Также можно отметить формальное сходство композиций Мастерковой со скульптурной серией Ханны Уилке «Melancholy Mama» (1975) или «Pink Champagne» (1975) и серией ассамбляжей «Gum Sculptures in Boxes» (1975). В этих работах, также центрированных по вертикали, состоящих из множества латексных, похожих на кожу, лепестков, Уилке обращалась к женскому телу как к призыву к тактильности, сексуальности. Несмотря на то, что Уилке считала себя феминисткой, посыл многих ее работ расходился с западной феминистской повесткой того времени. Выступая с критикой некоторых позиций современного ей феминизма, художница заявляла, что он ограничивал женщину в наслаждении собственным телом.
Обращение к традиционным женским занятиям в художественном контексте можно трактовать несколькими способами. Если для Чикаго и Уилке это намеренный жест, помещающий искусство в подразумеваемый художницами феминистский контекст, что равноценно политическому заявлению, то у Мастерковой все иначе. Обращение к живописной абстракции в начале 1960-x в СССР было прежде всего политическим жестом, закреплявшим утраченную институциональную преемственность с первым русским авангардом.

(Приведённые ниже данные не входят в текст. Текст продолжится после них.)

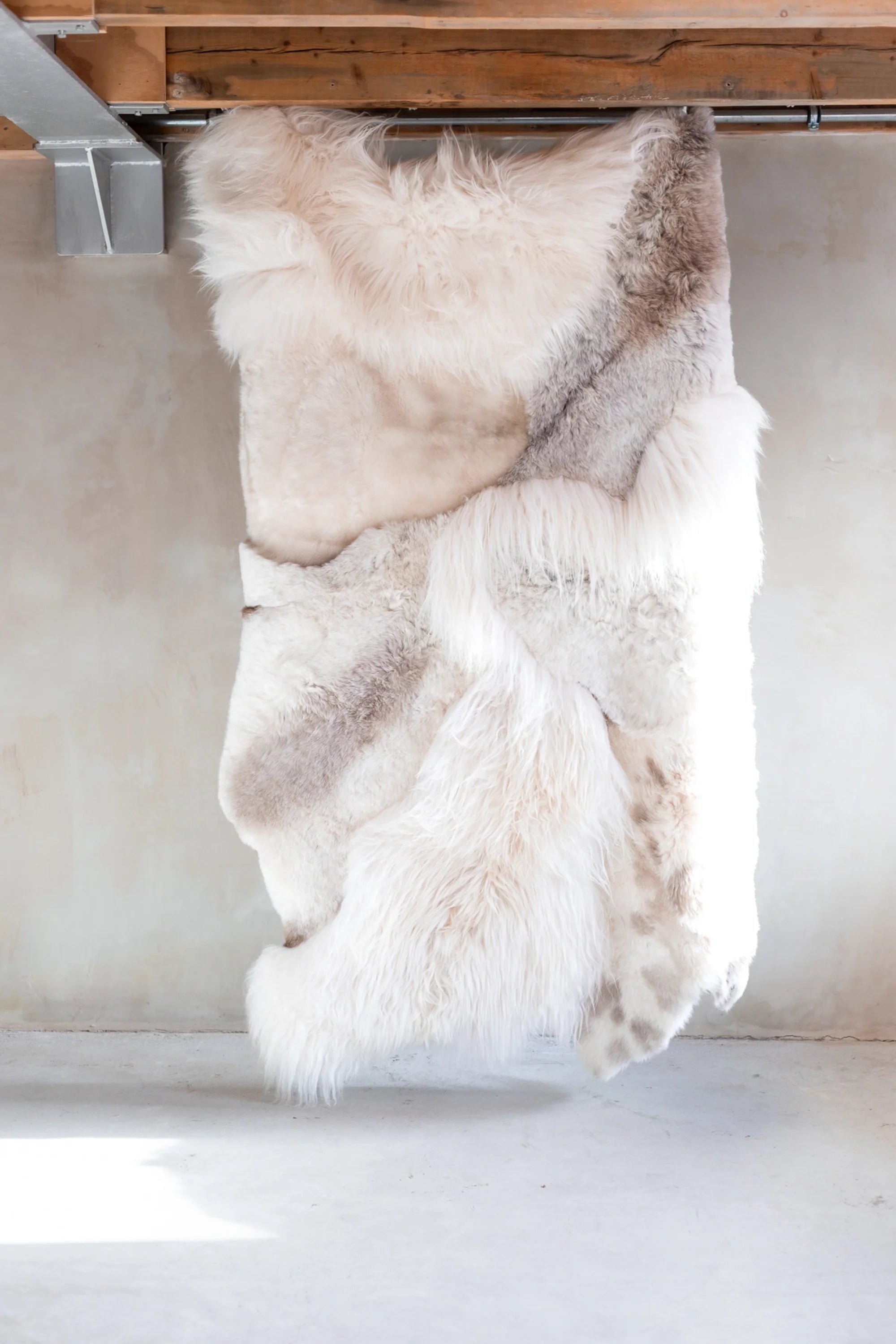 White fur throw hanging under a wooden shelf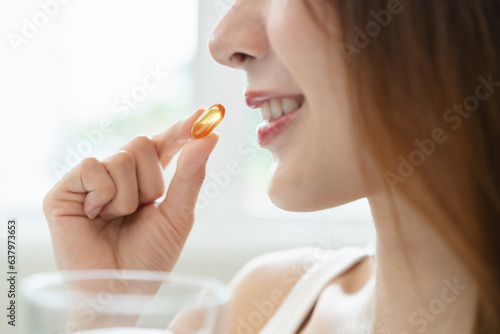 Nourishing the Body  Embracing Wellness  A Person Taking Fish Oil Supplements for Optimal Health and Vitality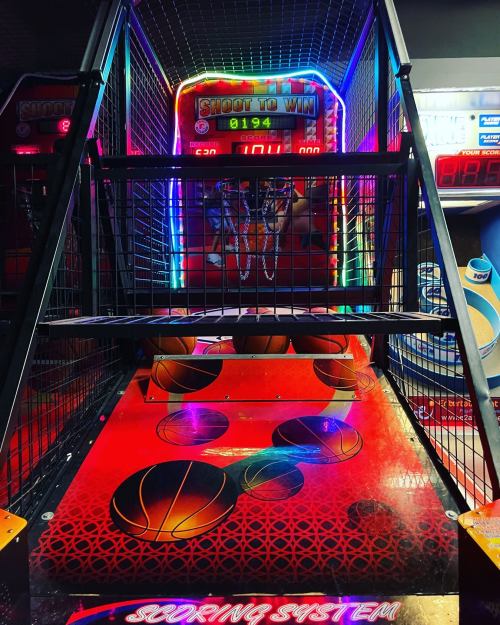 A brightly lit basketball arcade game with a scoring system and several basketballs on the floor.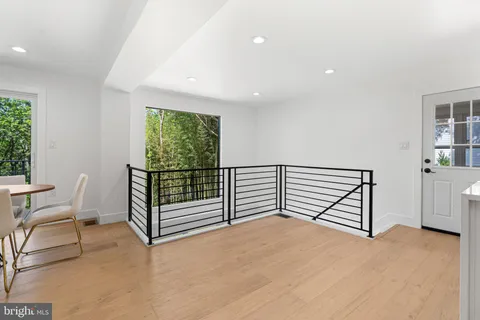 a kitchen with kitchen island granite countertop a stove a refrigerator a oven a sink a dining table and chairs with wooden floor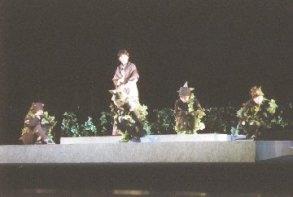 ステージ上に設置された四角形の土台の上に、植物が絡まった4名の人達が間隔をあけて座り、中央に女性が立っている一場面の写真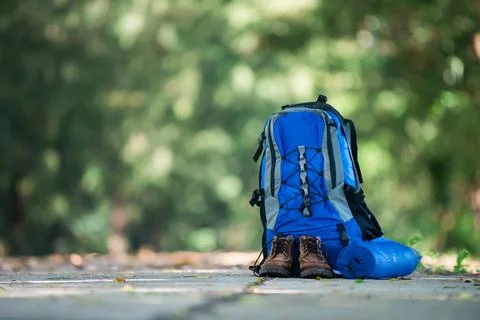 Backpack and shoes backpackers rest on the road while go hiking. Stock Photos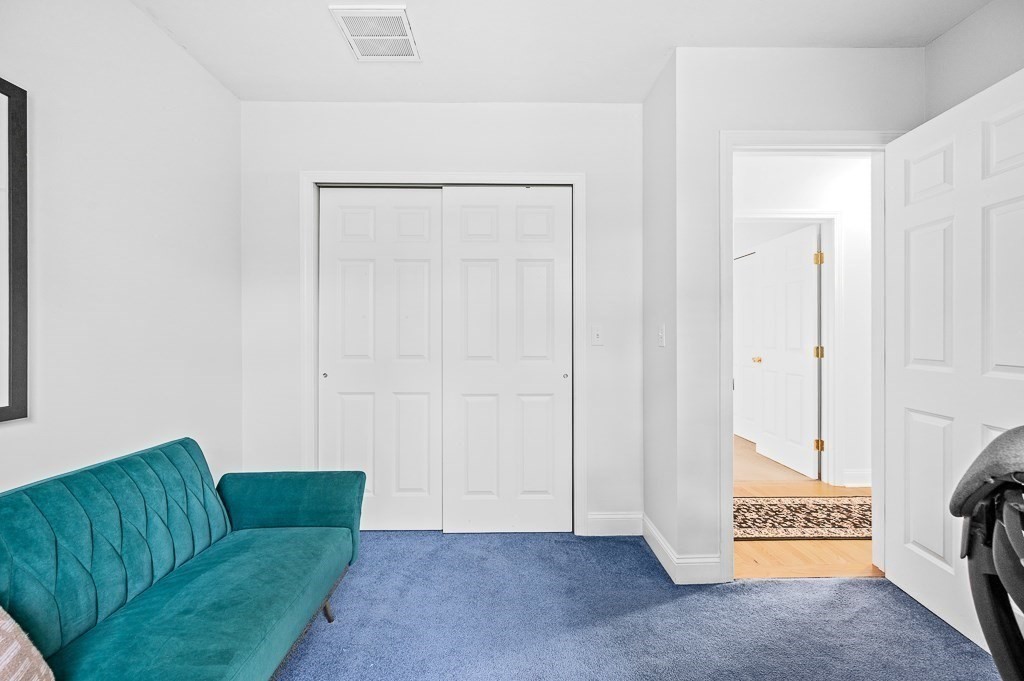 3 Carter Way Worcester, MA 01609 - Photo 23 of 41 a living room with furniture and a gate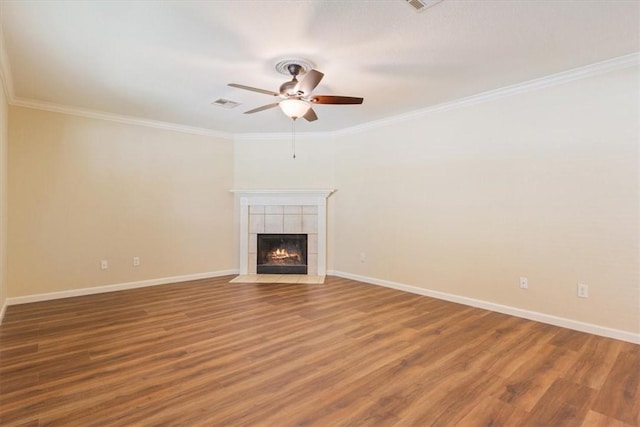 unfurnished living room with a tiled fireplace, ceiling fan, wood-type flooring, and ornamental molding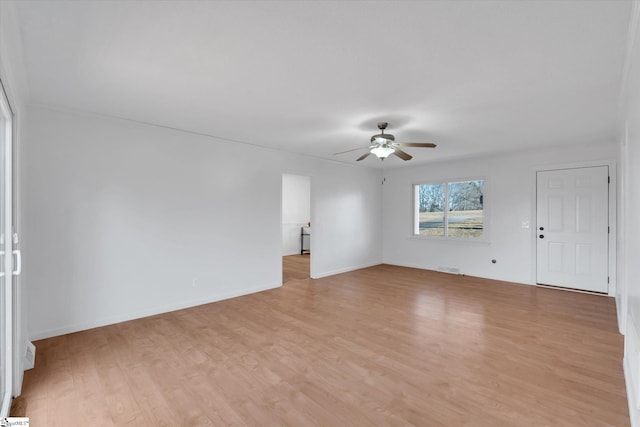 spare room featuring ceiling fan and light hardwood / wood-style flooring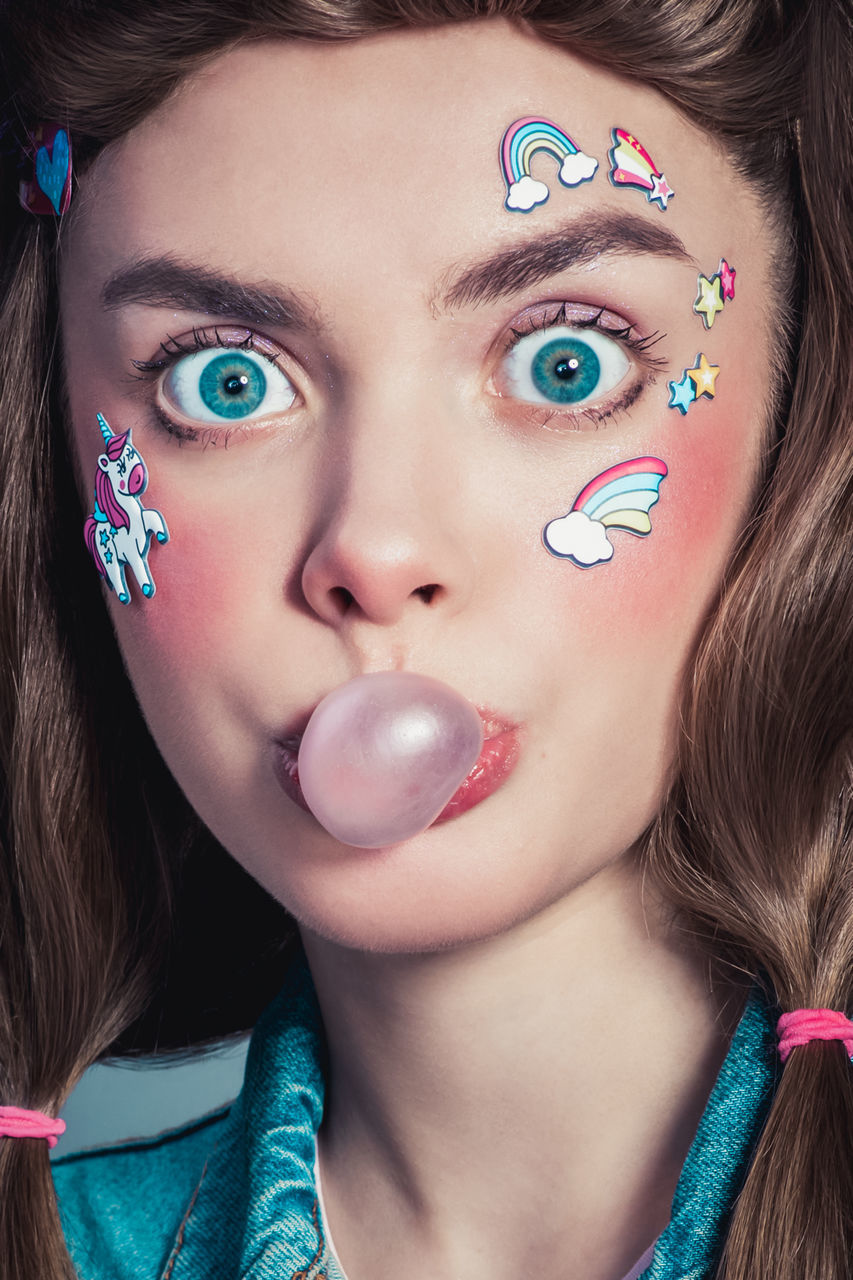 portrait, human face, blue, women, one person, human eye, headshot, make-up, looking at camera, human head, adult, young adult, fashion, nose, close-up, skin, lipstick, hairstyle, eye, lip, brown hair, studio shot, human hair, blue eyes, front view, female, multi colored, long hair, eyelash, indoors, body piercing, jewelry, human mouth, child, arts culture and entertainment, human lips, person, glamour, eye shadow, purple, pink, brown eyes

Мастеркова, с одной стороны, ищет основы собственной идентичности в революционном, резком и радикальном искусстве первой волны модернизма, с другой — смягчает эту резкость и маскулинность мягкостью материала или иногда «анатомичностью» форм. Важно заметить, что саму работу с материалом художница осуществляет исключительно абстрактными методами:
У меня есть даже где-то текст: я пишу, что я выстраиваю эти круги и одновременно цифры — единицы. Это абстракция, вещественной сути для меня там нет. Пусть назовут эстетизмом, как хотят.
Индивидуальное самопозиционирование Мастерковой отсылает к более ранним гендерным моделям — например, к писательницам русского символизма (З. Гиппиус, Л. Зиновьева-Аннибал). Это и конкуренция с мужчинами в творчестве, и либеральные взгляды на брак и семью, совмещенные при этом с высокими этическими нормами, схожими с дворянским кодексом чести:
А может быть, во мне больше заложено всего. Я вот живу одна уже 40 лет. А все живут семейные. И жен своих бросают. Как в нашей группе это получилось… Как Кропивницкий это сделал. Это мои товарищи, я не хочу их судить. Но это случилось…
Осознанно или нет, Мастеркова также обращается к истории своей родословной, семейной идентичности (ее мать была портнихой, отец ювелиром), оттого золотая парча видится символическим соединением образов отца и матери. Более того, известно, что и сама Лидия Мастеркова в 1950-е годы увлекалась шитьем и моделированием одежды и зарабатывала тем, что создавала одежду на заказ. При этом в своих работах с тканью художница часто использует деконструированный образ полотна — ткани разорваны на части, разделены, отрывочны, стежки наложены грубо, демонстративно, крупно, фактурно.
Разорванная церковная парча была перевернутым символом мистического присутствия, поднимала тему отвергнутости: криволинейные формы, отторжение традиции, разорванность. В «Композиции» (1967) Мастеркова использует заплаты — сниженный вид шитья, отсылающий к вынужденному, подневольному повседневному женскому труду, прочно связанному с воспоминаниями о тяжелом советском послевоенном быте. В этой работе Мастеркова образно сожалеет о тщетности попыток соединить несоединимое. Плавность, мягкость линий в ее работах как бы пытается восполнить недостаток культурной традиции, идущей от символизма.
К сожалению, и поколенческий, и мировоззренческий разрыв между советскими неофициальными художниками 1960-x и 1970-x помешал распространению влияния творчества Мастерковой на позднейшее неофициальное искусство. Художница эмигрировала в конце 1975 года, не оставив в Москве учеников или последователей, более того, в силу выраженно индивидуалистских стратегий, свойственных художникам 1960-x годов, первую половину 1970-x художница провела довольно обособленно, не входя в многочисленные новые творческие объединения.